SUPPLIED MATERIAL »
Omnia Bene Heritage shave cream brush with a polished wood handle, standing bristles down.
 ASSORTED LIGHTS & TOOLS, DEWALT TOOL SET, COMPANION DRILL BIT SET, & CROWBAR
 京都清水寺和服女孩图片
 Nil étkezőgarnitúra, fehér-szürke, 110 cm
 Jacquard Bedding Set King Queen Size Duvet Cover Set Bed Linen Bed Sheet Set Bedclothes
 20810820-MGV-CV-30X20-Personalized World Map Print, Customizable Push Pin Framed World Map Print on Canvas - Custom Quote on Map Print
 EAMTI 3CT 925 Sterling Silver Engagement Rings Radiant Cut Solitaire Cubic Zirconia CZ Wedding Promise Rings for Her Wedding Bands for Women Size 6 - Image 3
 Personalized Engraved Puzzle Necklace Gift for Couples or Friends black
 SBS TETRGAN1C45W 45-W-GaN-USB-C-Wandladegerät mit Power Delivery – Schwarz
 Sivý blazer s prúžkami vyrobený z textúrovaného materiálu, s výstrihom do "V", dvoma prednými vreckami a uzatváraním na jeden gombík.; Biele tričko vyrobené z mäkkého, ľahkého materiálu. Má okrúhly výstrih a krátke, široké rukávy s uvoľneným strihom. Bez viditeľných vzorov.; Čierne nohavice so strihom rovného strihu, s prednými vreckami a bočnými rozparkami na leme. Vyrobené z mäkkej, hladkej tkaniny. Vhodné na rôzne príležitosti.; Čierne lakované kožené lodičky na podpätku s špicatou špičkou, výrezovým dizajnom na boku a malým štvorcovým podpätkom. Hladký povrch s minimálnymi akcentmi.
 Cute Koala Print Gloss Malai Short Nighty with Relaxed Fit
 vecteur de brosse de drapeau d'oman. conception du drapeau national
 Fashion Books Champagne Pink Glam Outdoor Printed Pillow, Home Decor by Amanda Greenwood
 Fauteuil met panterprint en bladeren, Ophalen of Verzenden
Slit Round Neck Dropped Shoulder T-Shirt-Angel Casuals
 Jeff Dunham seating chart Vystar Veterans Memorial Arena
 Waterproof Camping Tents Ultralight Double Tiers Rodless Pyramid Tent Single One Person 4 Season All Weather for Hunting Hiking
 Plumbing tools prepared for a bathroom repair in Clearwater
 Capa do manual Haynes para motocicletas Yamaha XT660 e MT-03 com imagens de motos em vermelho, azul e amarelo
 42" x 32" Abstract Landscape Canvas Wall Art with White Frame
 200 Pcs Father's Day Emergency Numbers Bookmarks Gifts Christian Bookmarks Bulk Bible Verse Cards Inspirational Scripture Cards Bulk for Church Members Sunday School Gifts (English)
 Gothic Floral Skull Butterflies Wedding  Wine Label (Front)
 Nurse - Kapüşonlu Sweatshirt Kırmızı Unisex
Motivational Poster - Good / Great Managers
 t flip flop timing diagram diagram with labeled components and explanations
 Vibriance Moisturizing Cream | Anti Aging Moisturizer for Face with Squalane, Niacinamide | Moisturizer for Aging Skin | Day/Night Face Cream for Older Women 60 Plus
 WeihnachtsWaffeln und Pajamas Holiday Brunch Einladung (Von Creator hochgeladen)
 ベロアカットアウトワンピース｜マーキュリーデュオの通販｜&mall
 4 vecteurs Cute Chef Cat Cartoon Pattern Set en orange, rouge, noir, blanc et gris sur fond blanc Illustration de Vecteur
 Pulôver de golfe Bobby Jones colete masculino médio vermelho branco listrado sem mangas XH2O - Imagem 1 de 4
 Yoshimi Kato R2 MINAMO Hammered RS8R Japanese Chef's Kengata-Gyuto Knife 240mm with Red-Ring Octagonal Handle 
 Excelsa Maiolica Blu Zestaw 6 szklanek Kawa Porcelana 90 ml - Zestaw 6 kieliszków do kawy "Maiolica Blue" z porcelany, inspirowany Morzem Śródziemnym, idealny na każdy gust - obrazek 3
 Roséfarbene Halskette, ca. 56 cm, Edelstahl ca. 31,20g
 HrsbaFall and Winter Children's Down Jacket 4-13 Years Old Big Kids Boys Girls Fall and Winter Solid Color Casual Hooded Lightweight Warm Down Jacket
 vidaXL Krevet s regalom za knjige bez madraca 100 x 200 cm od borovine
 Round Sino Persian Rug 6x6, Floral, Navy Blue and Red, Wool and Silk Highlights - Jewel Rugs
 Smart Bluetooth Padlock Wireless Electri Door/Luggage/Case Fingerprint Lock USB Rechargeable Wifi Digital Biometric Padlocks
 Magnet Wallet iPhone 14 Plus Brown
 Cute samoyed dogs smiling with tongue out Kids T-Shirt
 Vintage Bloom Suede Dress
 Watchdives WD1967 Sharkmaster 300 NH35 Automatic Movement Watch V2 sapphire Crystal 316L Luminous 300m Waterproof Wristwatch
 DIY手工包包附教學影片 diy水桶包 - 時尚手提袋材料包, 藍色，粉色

EXERCISE DETAILS »
Transcribe the records above exactly, beginning at the line that contains "EAMTI 3CT 925" and ending with the line that contains "vecteur de brosse", both included, and nothing else.

REPLY TO THE TASK »
 EAMTI 3CT 925 Sterling Silver Engagement Rings Radiant Cut Solitaire Cubic Zirconia CZ Wedding Promise Rings for Her Wedding Bands for Women Size 6 - Image 3
 Personalized Engraved Puzzle Necklace Gift for Couples or Friends black
 SBS TETRGAN1C45W 45-W-GaN-USB-C-Wandladegerät mit Power Delivery – Schwarz
 Sivý blazer s prúžkami vyrobený z textúrovaného materiálu, s výstrihom do "V", dvoma prednými vreckami a uzatváraním na jeden gombík.; Biele tričko vyrobené z mäkkého, ľahkého materiálu. Má okrúhly výstrih a krátke, široké rukávy s uvoľneným strihom. Bez viditeľných vzorov.; Čierne nohavice so strihom rovného strihu, s prednými vreckami a bočnými rozparkami na leme. Vyrobené z mäkkej, hladkej tkaniny. Vhodné na rôzne príležitosti.; Čierne lakované kožené lodičky na podpätku s špicatou špičkou, výrezovým dizajnom na boku a malým štvorcovým podpätkom. Hladký povrch s minimálnymi akcentmi.
 Cute Koala Print Gloss Malai Short Nighty with Relaxed Fit
 vecteur de brosse de drapeau d'oman. conception du drapeau national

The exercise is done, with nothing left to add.